_Required action_: Exact copy, no pictures: return all the records as they stand.

====== Listed records ======

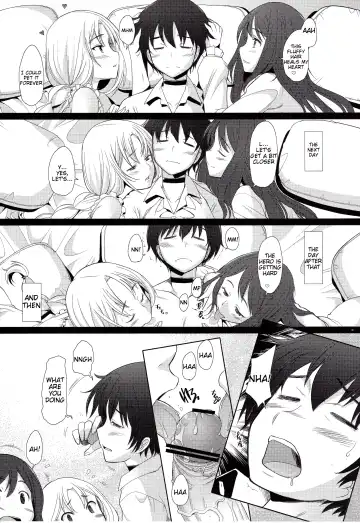 [Sakai Hamachi] Triangle Fhentai - Page 4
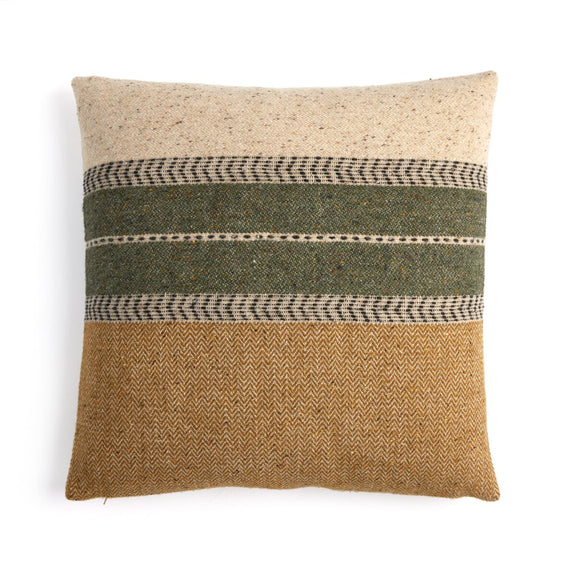 Ambrose Pillow - Ambrose Gold
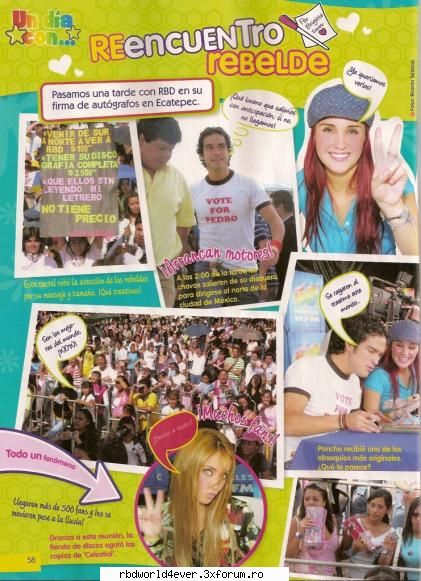 Articole - bebita_angelita - RBD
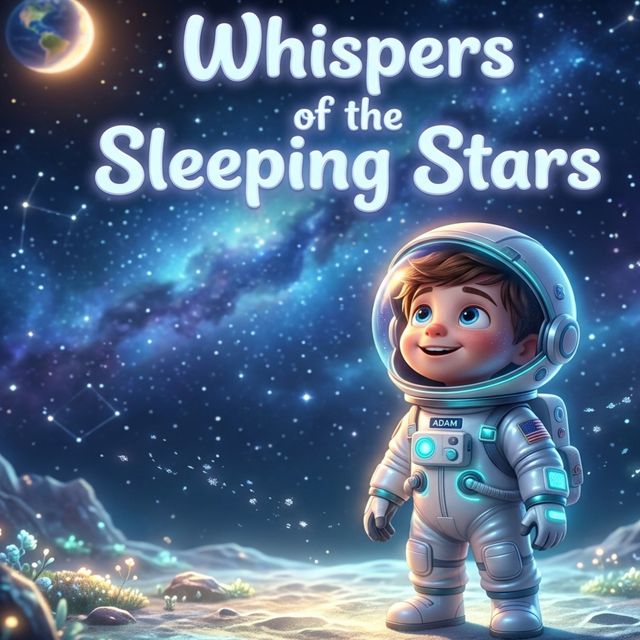 Bob's Fairy Tales - 'Adam Guards Your Sleep' [Ringtone]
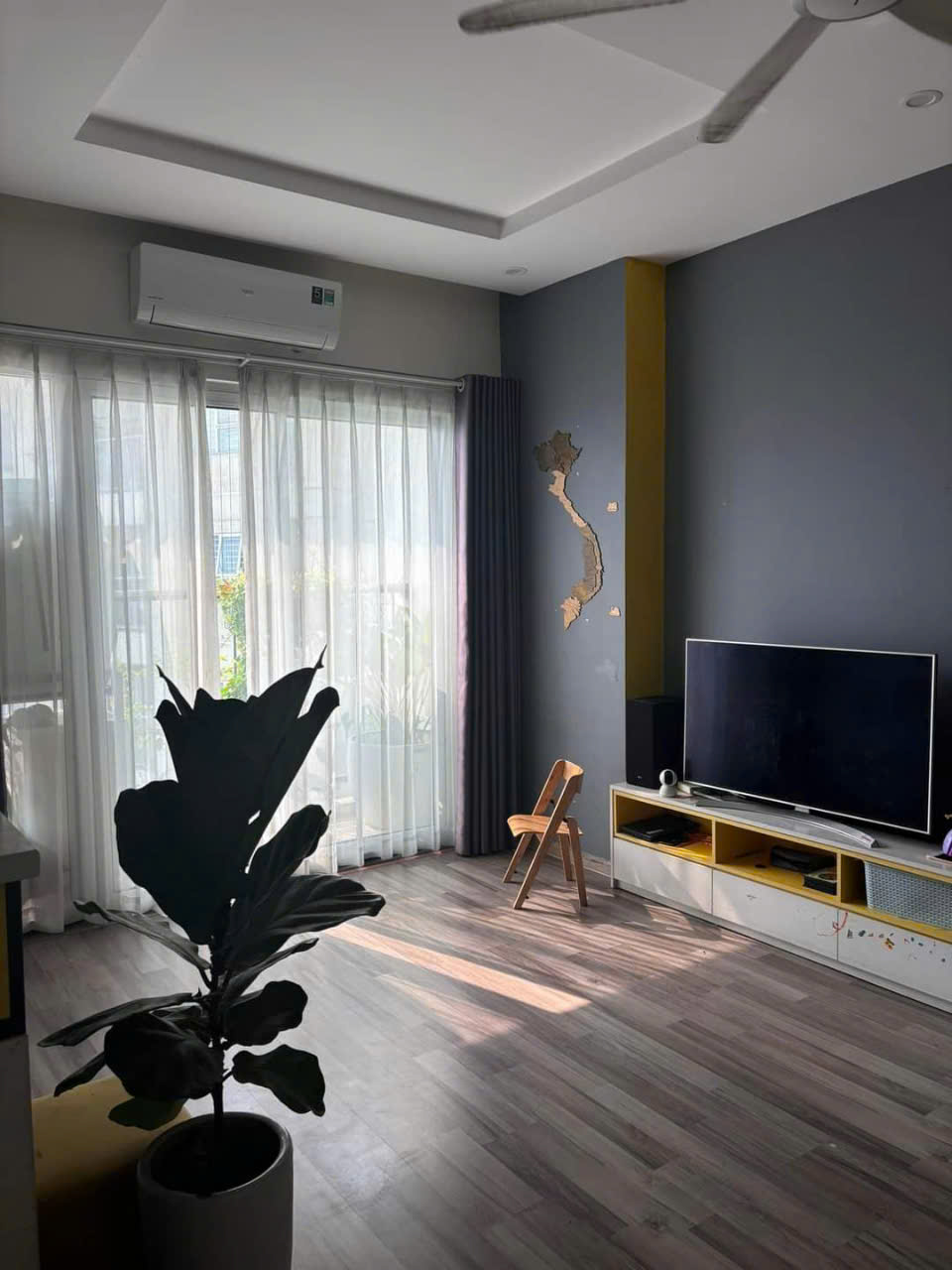 Bán căn hộ the golden An Khánh 74m2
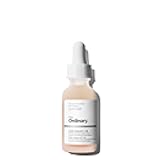 The Ordinary Lactic Acid 10% + Hyaluronic Acid 2%, High-Strength Exfoliating Serum for Smoother, Brighter Skin, 1 Fl Oz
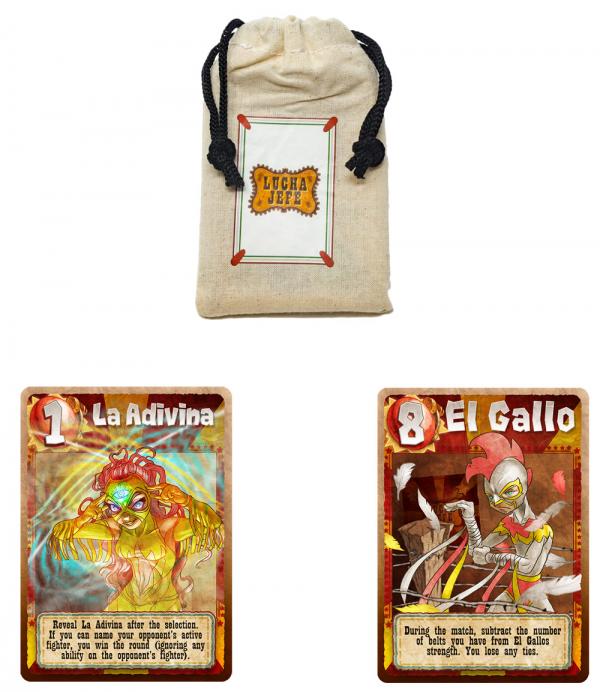 Lucha Jefe – La confrontation stratégique ultime de Lucha Libre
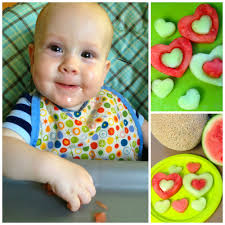 Summer Melon: 30 Fresh Ideas - Watermelon-Hearts-Collage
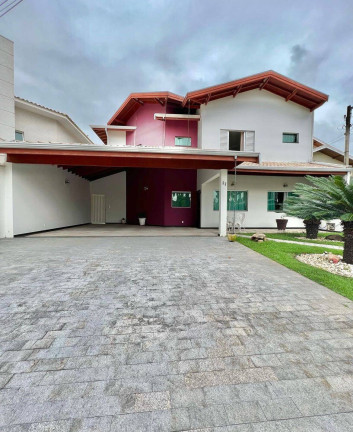 Imagem Casa com 4 Quartos à Venda, 370 m² em Jardim Fortaleza - Paulínia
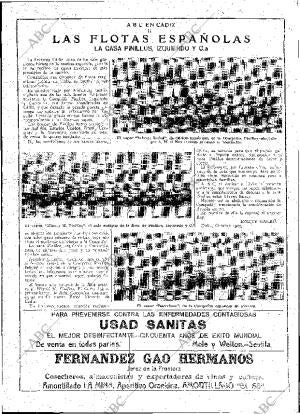 ABC MADRID 27-10-1919 página 2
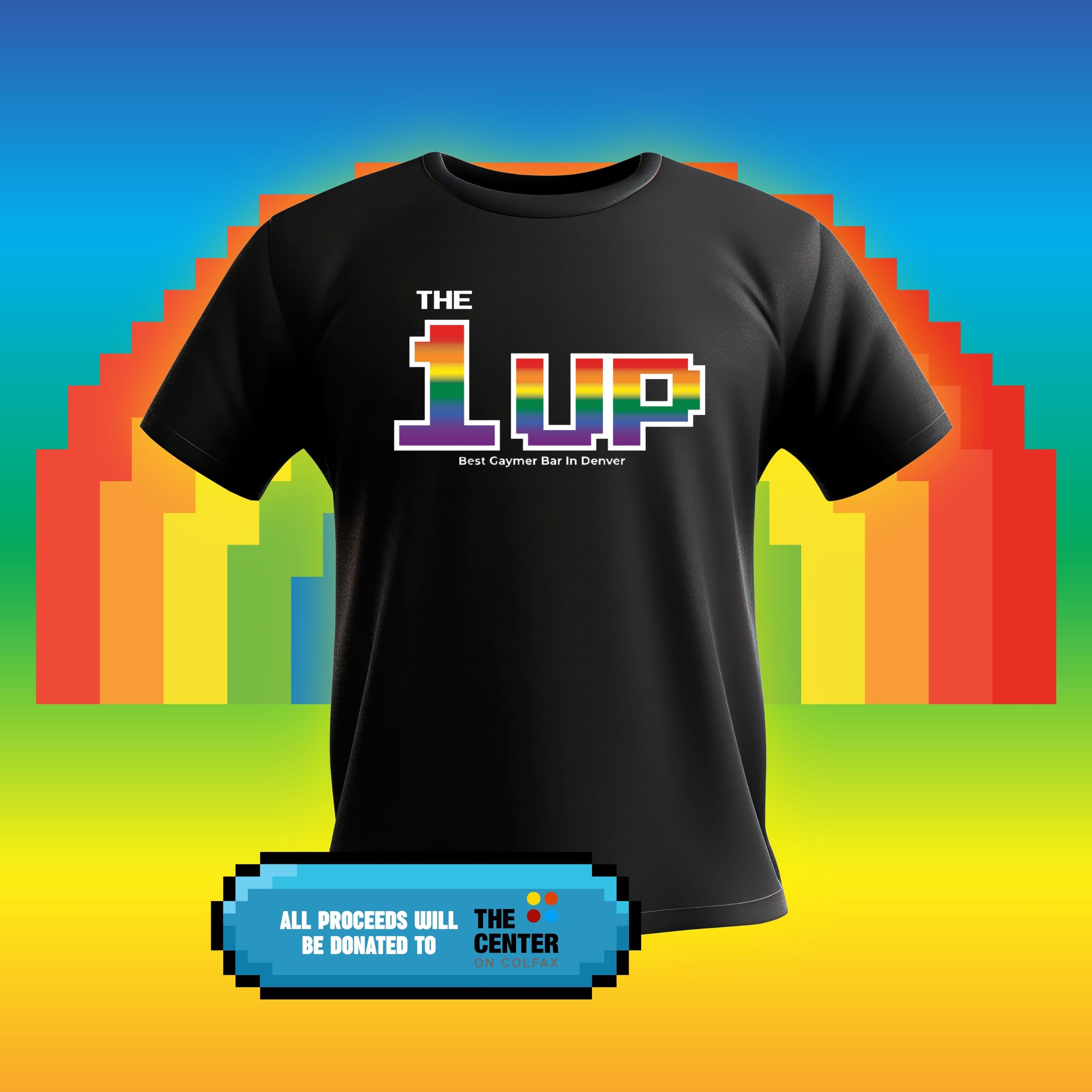 🌈 Pride 2025 is here! 🌈... - The 1up Arcade Bar - Greenwood | Facebook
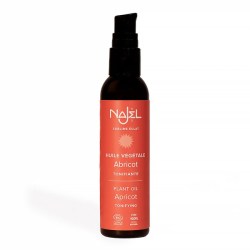 Huile d’abricot certifiée bio – 80 ml – Najel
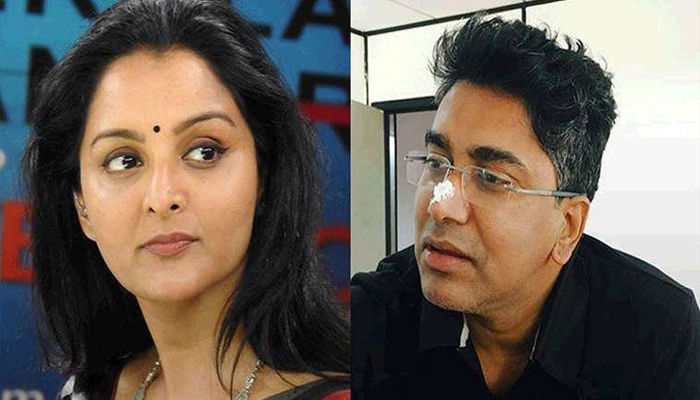  കിട്ടാനുള്ള 60 ലക്ഷം ചോദിച്ച ശ്രീകുമാര്‍ മേനോന്റെ പുഷിന് മഞ്ജുവാര്യരുടെ വക്കീല്‍ നോട്ടീസ്; സൗഹൃദം അവസാനിപ്പിക്കുന്നതിന്  പിന്നില്‍ സാമ്പത്തികതര്‍ക്കങ്ങളും
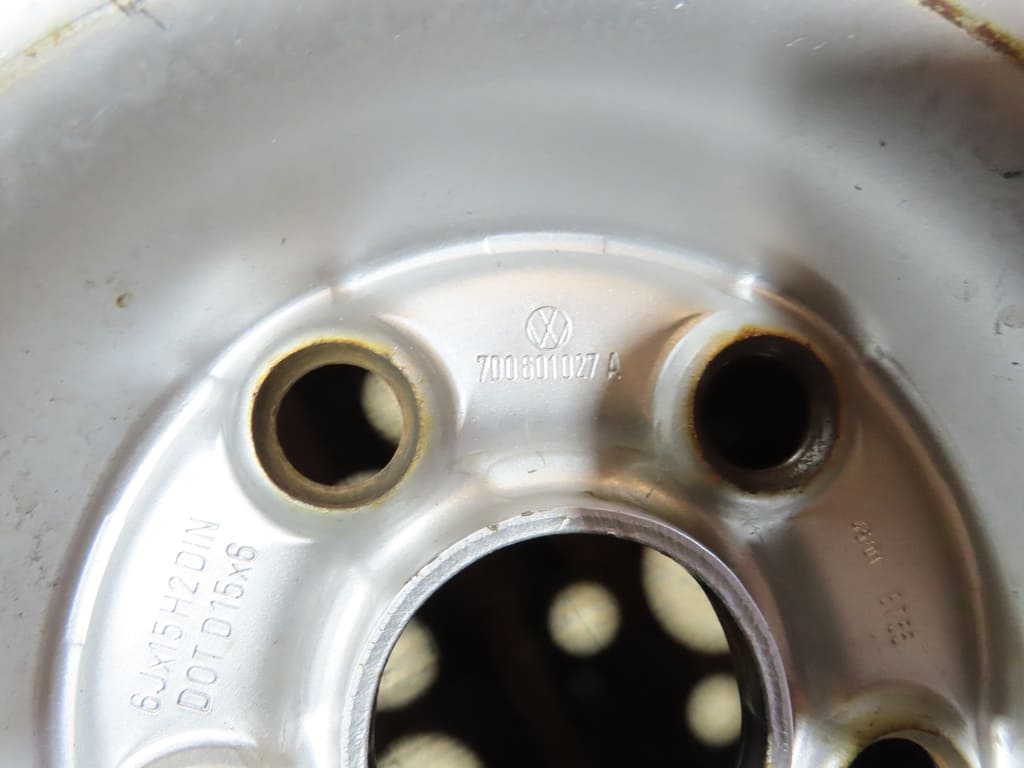 Radsatz Pirelli 205/65R15C-Occasion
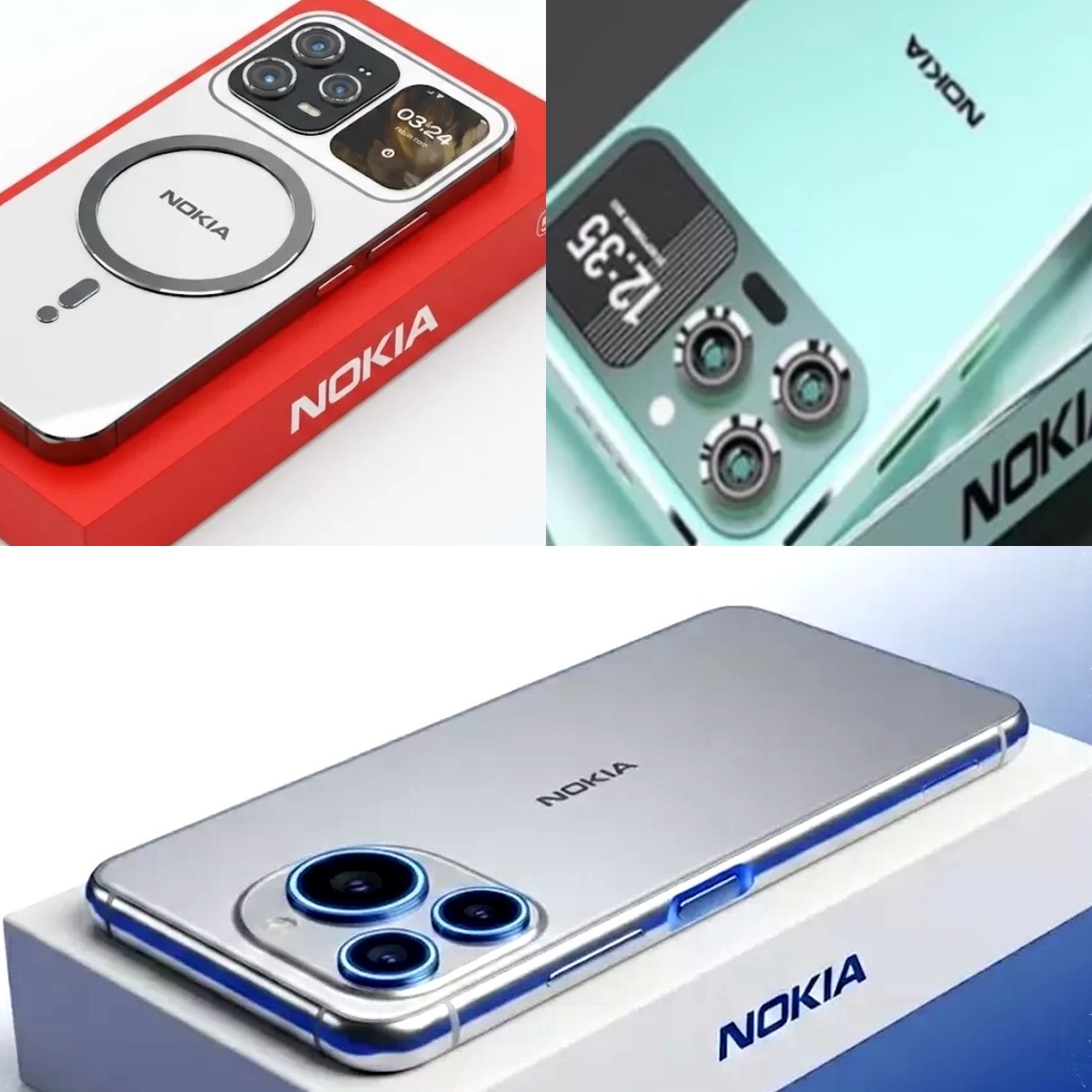 Nokia N75 Max 5G Secara Resmi Diluncurkan, Dilengkapi Kamera 200 MP dan Baterai 7100 mAh Siap Menghadapi Smart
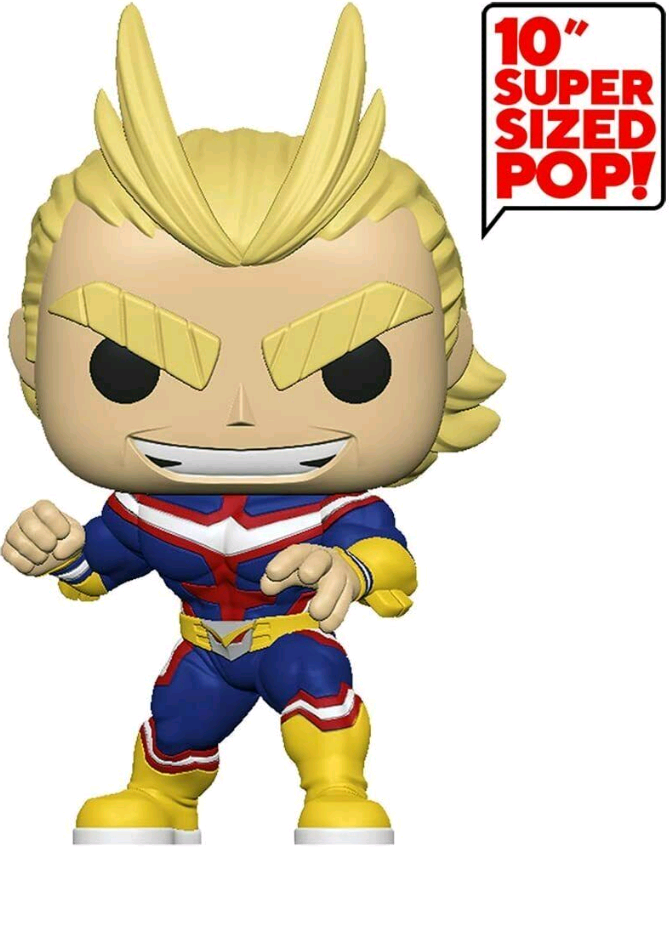 Funko! POP - 25 cm - My Hero Academia - All Might (48480)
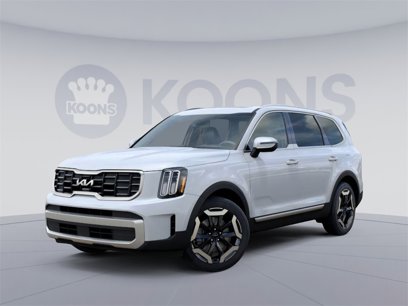 New 2025 Kia Telluride S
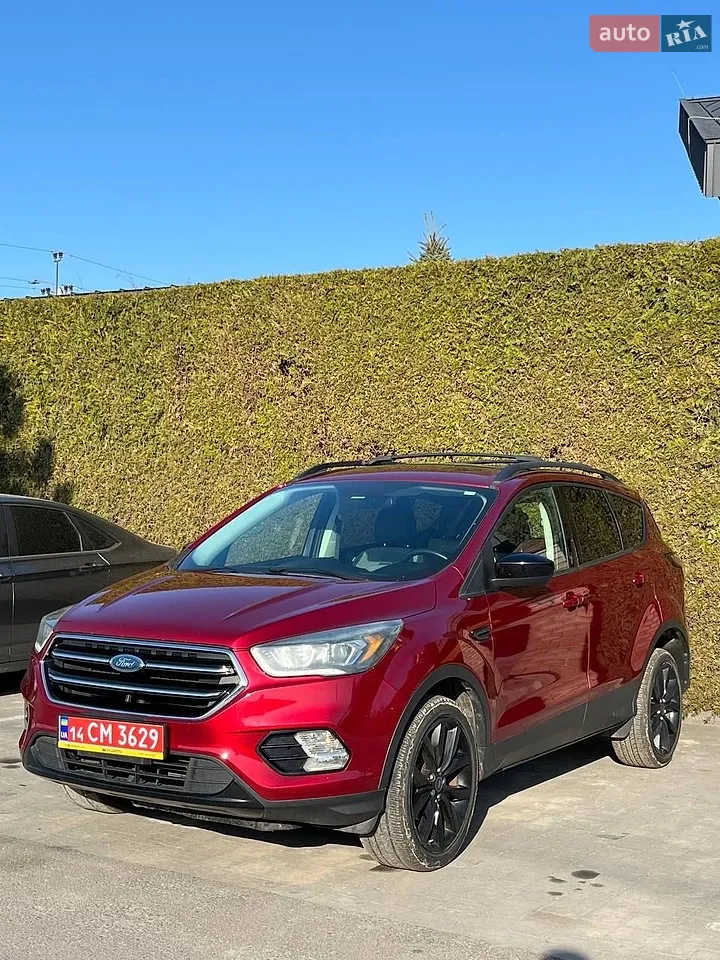2018 Ford Escape - мініатюра 29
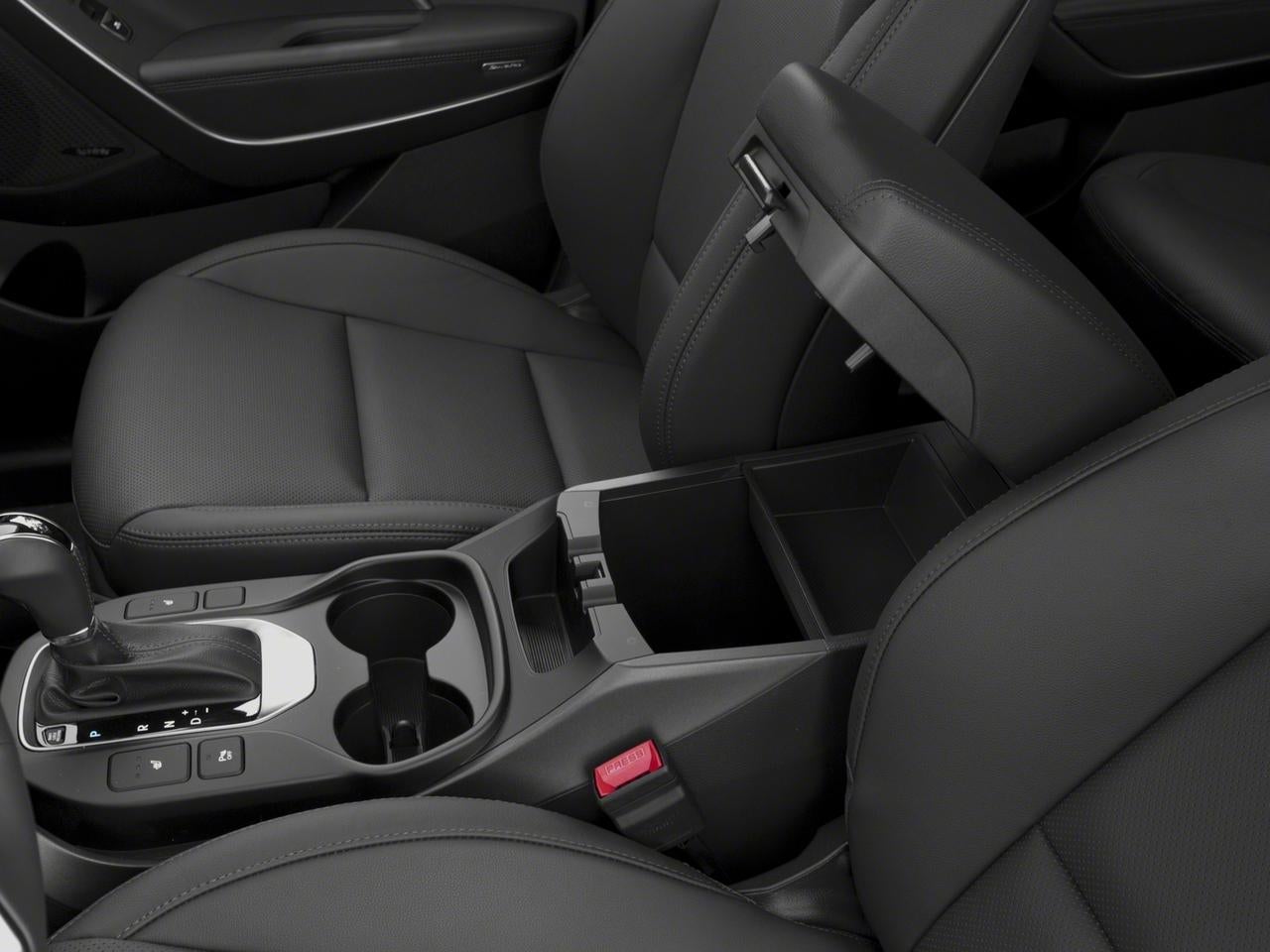 2018 Hyundai SANTA FE SE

======

_Answer to this exercise_:
 [Sakai Hamachi] Triangle Fhentai - Page 4
 Ambrose Pillow - Ambrose Gold
 Articole - bebita_angelita - RBD
 Bob's Fairy Tales - 'Adam Guards Your Sleep' [Ringtone]
 Bán căn hộ the golden An Khánh 74m2
 The Ordinary Lactic Acid 10% + Hyaluronic Acid 2%, High-Strength Exfoliating Serum for Smoother, Brighter Skin, 1 Fl Oz
 Lucha Jefe – La confrontation stratégique ultime de Lucha Libre
 Summer Melon: 30 Fresh Ideas - Watermelon-Hearts-Collage
 Imagem Casa com 4 Quartos à Venda, 370 m² em Jardim Fortaleza - Paulínia
 ABC MADRID 27-10-1919 página 2
 🌈 Pride 2025 is here! 🌈... - The 1up Arcade Bar - Greenwood | Facebook
 Huile d’abricot certifiée bio – 80 ml – Najel
  കിട്ടാനുള്ള 60 ലക്ഷം ചോദിച്ച ശ്രീകുമാര്‍ മേനോന്റെ പുഷിന് മഞ്ജുവാര്യരുടെ വക്കീല്‍ നോട്ടീസ്; സൗഹൃദം അവസാനിപ്പിക്കുന്നതിന്  പിന്നില്‍ സാമ്പത്തികതര്‍ക്കങ്ങളും
 Radsatz Pirelli 205/65R15C-Occasion
 Nokia N75 Max 5G Secara Resmi Diluncurkan, Dilengkapi Kamera 200 MP dan Baterai 7100 mAh Siap Menghadapi Smart
 Funko! POP - 25 cm - My Hero Academia - All Might (48480)
 New 2025 Kia Telluride S
2018 Ford Escape - мініатюра 29
 2018 Hyundai SANTA FE SE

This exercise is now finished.